== STORED DATA ==
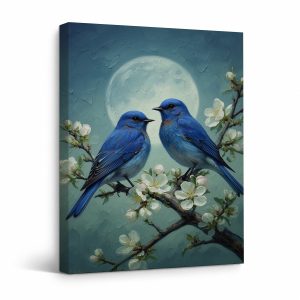 Blue Birds & Moonlit Cherry Blossoms Framed Canvas Wall Art - Ready to Hang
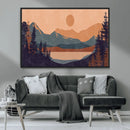 Modern Boho Sunset Canvas Print, Mountain Landscape Triptych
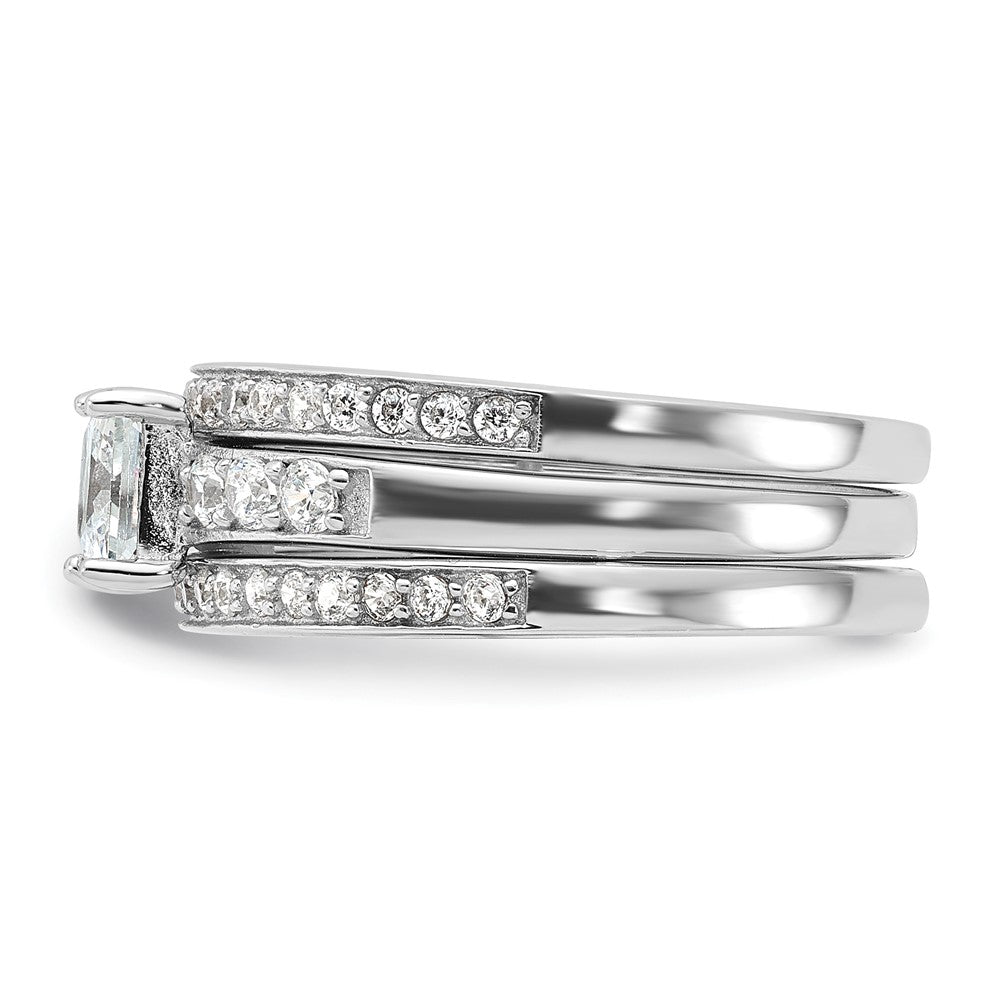 Rhodium-plated CZ 3 Piece Wedding Set Ring - WBC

== GOAL OF THE EXERCISE ==
Would you retype the material exactly, omitting each picture?

== SOLUTION FOR THIS TASK ==
 Blue Birds & Moonlit Cherry Blossoms Framed Canvas Wall Art - Ready to Hang
 Modern Boho Sunset Canvas Print, Mountain Landscape Triptych
 Rhodium-plated CZ 3 Piece Wedding Set Ring - WBC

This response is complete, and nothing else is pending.